Surfactant-assisted liquid-phase shear exfoliation of graphene and subsequent thin film fabrication by spray deposition

Graphite is the bulk form and source material of graphene, the versatile nanomaterial which consists of a single atomically thin sheet of carbon molecules in a honeycomb structure. It has unique properties, such as high elasticity, excellent optical properties and high electron mobility. The outstanding properties of graphene has made it the object of extensive research and a potential component for novel applications in several scientific fields, such as sensing technology. The scientific interest is high not just for graphene, the monolayer sheet, but also for graphene-like materials which are a common by-product of graphene production or otherwise resemble graphene by properties or structure. Graphene can be produced in numerous ways.

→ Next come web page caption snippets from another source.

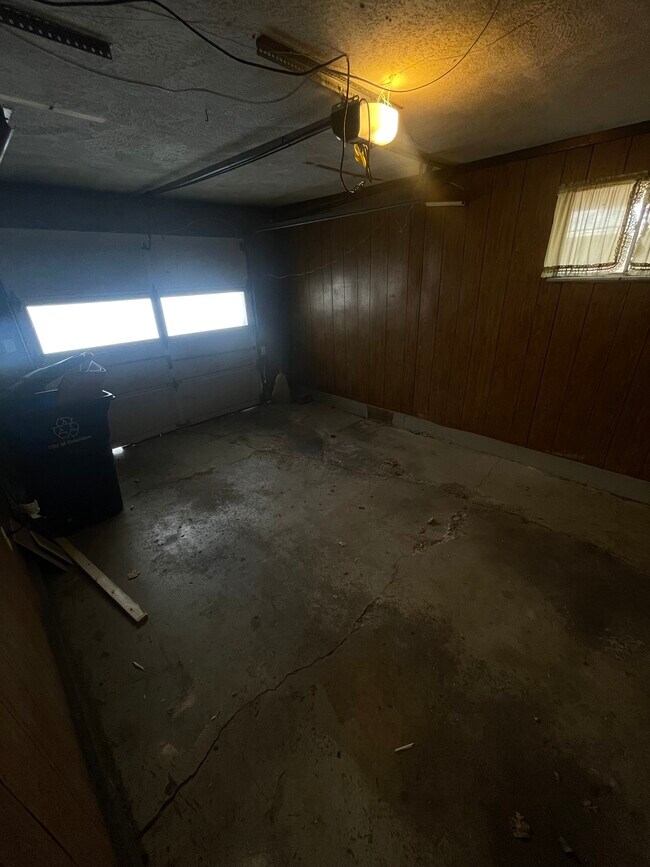 Building Photo - 934 Vanderberg Pl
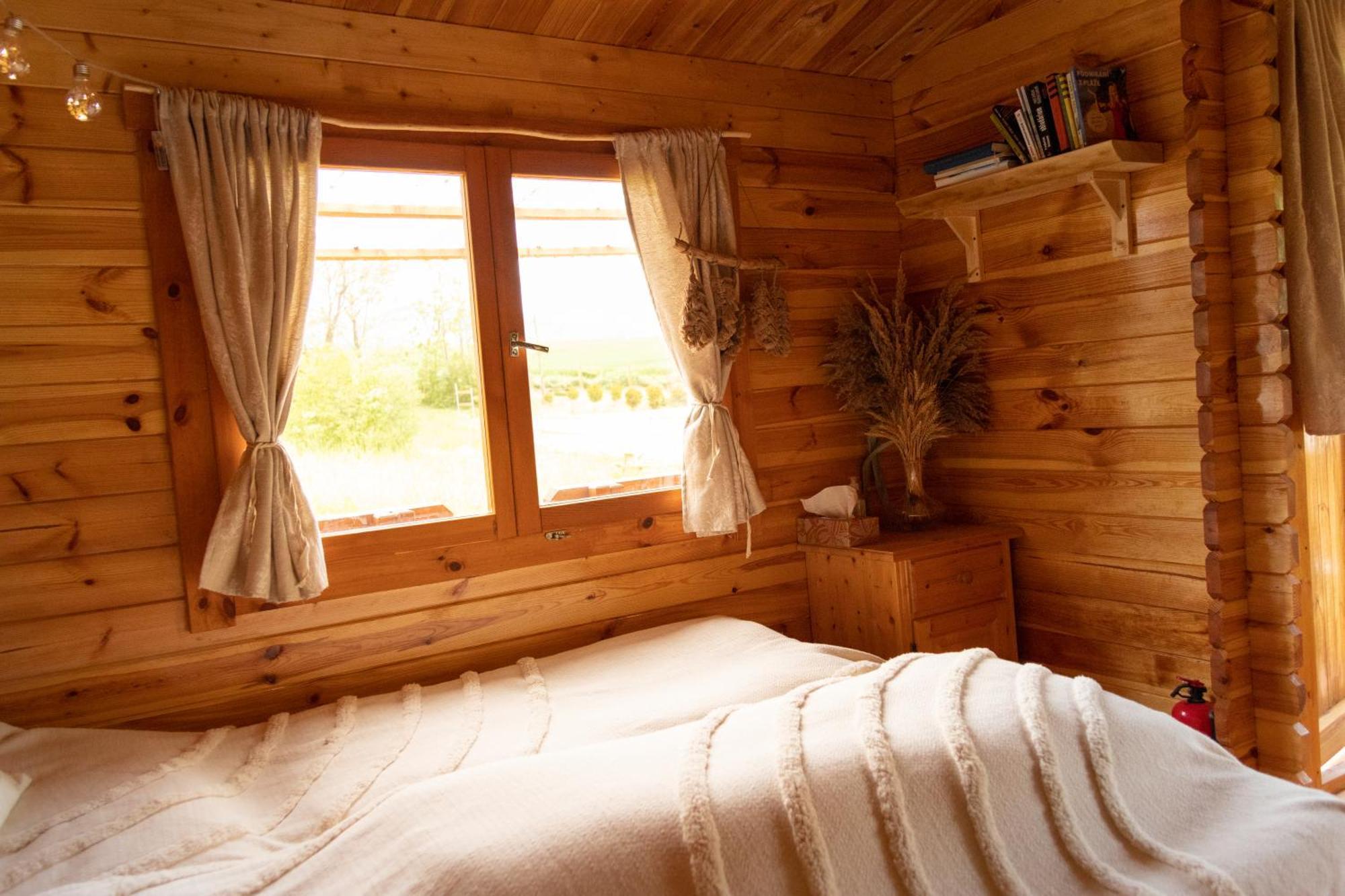 Cozy Wood Hut On The Farm Villa Trebivlice Exteriör bild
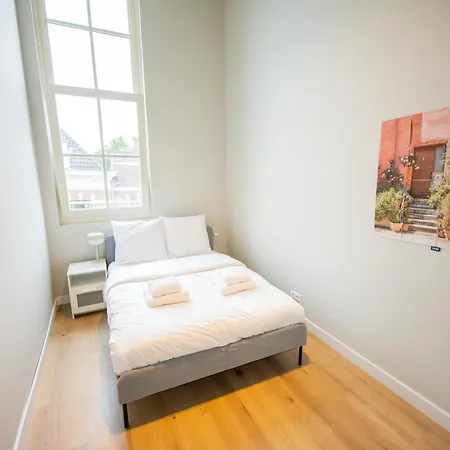 Alphabet -2e Pijnackerstraat 13 * Roterdão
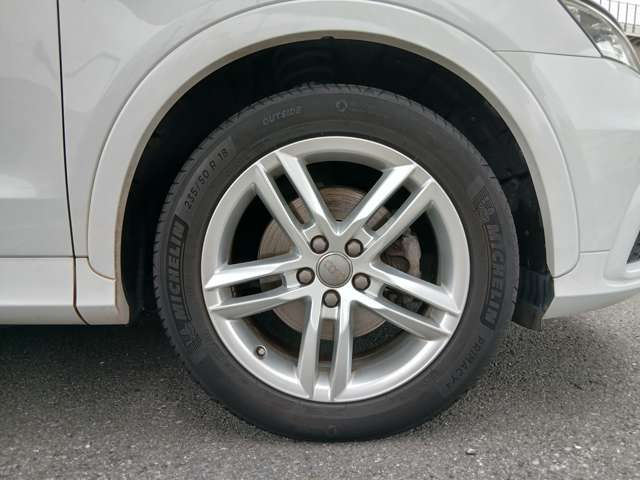 Audi Q3 6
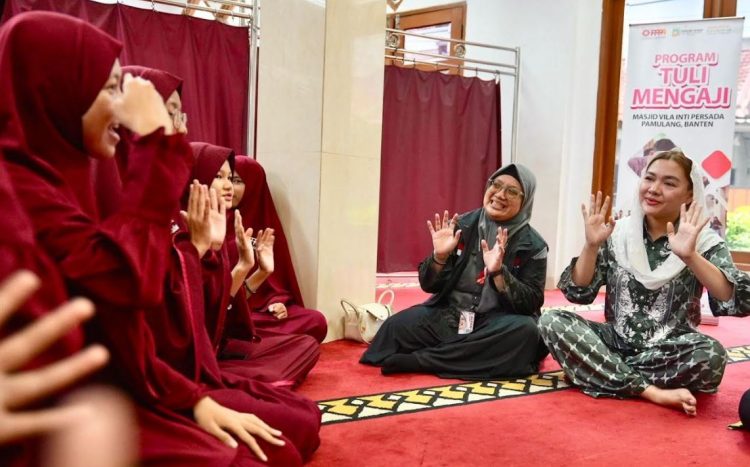 Vicky Shu berinteraksi dengan santri tunarungu saat mengikuti kegiatan “Tuli Mengaji” di Masjid Villa Inti Persada, Pamulang, Rabu (29/4/2026). (Dok.PPPA Daarul Quran)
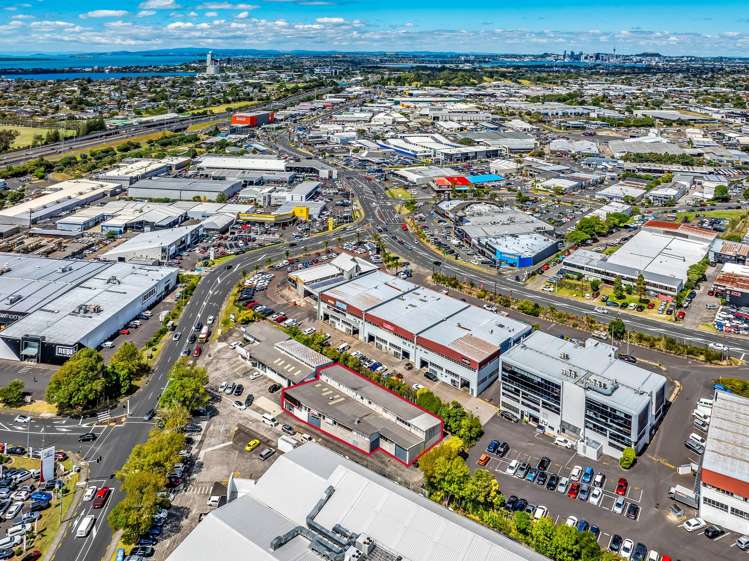 171-181 Target Road Wairau Valley_2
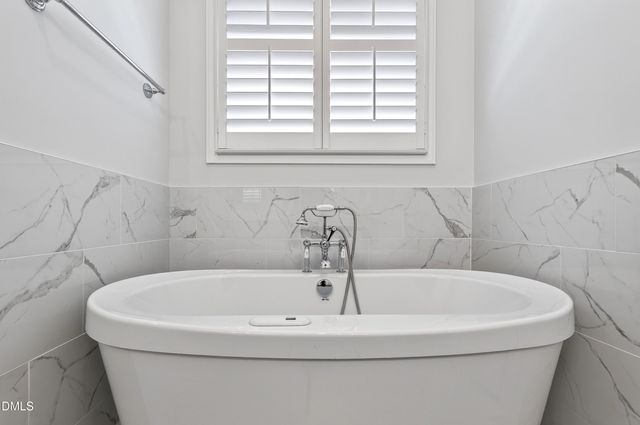 911 Canterbury Road, Raleigh, NC 27607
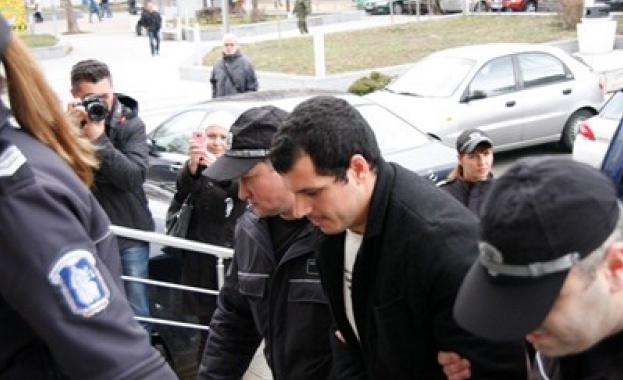 Оставиха зад решетките Мартин Душев, обвинен за бияч на помориеца Стоян Тончев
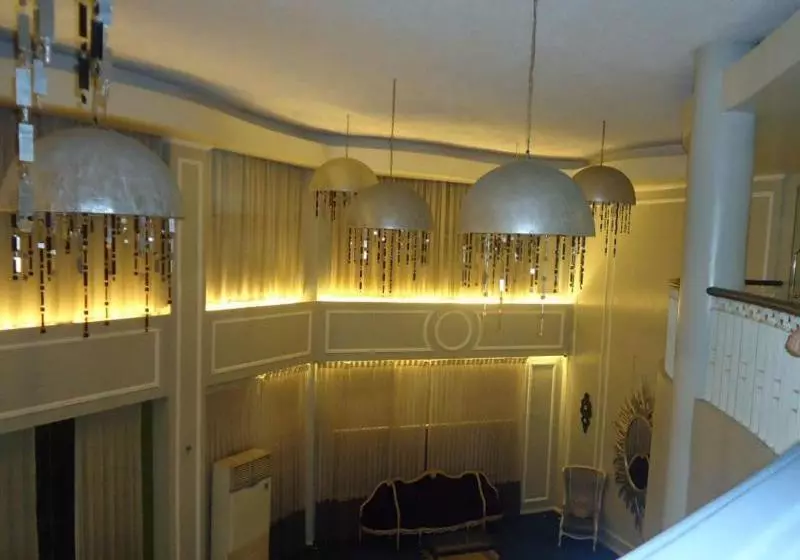 King's Royale Hotel And Resort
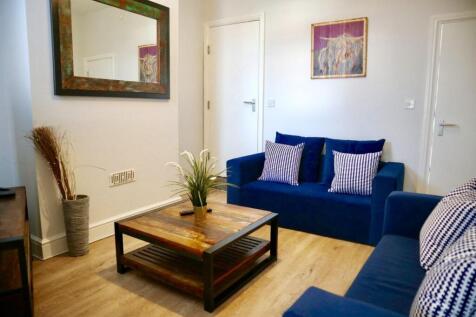 4-bed house on Paget Street, Loughborough, £1,993/mo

This thesis investigates surfactant-assisted liquid-phase shear exfoliation which derives from mechanical exfoliation.In the thesis, graphene was exfoliated from graphite in an aqueous surfactant-graphite suspension with a rotor-stator homogeniser. The graphene dispersion was separated with centrifugation and the graphene concentration was determined with ultraviolet-visible (UV-Vis) spectroscopy. The graphene samples were examined with scanning electron microscopy (SEM) and energy dispersive X-ray spectroscopy (EDX). Thin graphene films were produced with spray deposition and the electrical conductivity of the films was determined by measuring the electrical resistivity of the films. Both commercial graphite and graphite excavated from Finnish soil were used to study the exfoliation, four different graphite samples in total. The graphite samples differed in particle size and purity. The Finnish graphite was excavated in Haapamäki, Finland, and purified with froth flotation and chemical leaching. The quality and yield of both the commercial graphene samples and the Finnish graphene were compared. The purity level of graphite was shown not to affect the graphene yield significantly, as opposed to the graphite particle size, which showed an effect on the yield. The electrical conductivity of the graphene thin films was found to be on a good level, considering the method used to produce the thin conductive components.